#### [Information]
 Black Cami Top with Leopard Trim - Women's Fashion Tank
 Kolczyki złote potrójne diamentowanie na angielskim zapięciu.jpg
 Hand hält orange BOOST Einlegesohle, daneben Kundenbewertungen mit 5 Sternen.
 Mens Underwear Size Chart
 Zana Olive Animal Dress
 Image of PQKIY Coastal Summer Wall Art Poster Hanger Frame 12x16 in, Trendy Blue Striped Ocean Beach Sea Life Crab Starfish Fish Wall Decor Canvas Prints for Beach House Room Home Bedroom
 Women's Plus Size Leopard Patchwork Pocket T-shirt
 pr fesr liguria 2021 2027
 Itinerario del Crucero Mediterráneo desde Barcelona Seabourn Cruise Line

#### [Exercise instructions]
Search the entries for the string "Women" and copy each line where it occurs.

#### [Exercise answer]
 Black Cami Top with Leopard Trim - Women's Fashion Tank
 Women's Plus Size Leopard Patchwork Pocket T-shirt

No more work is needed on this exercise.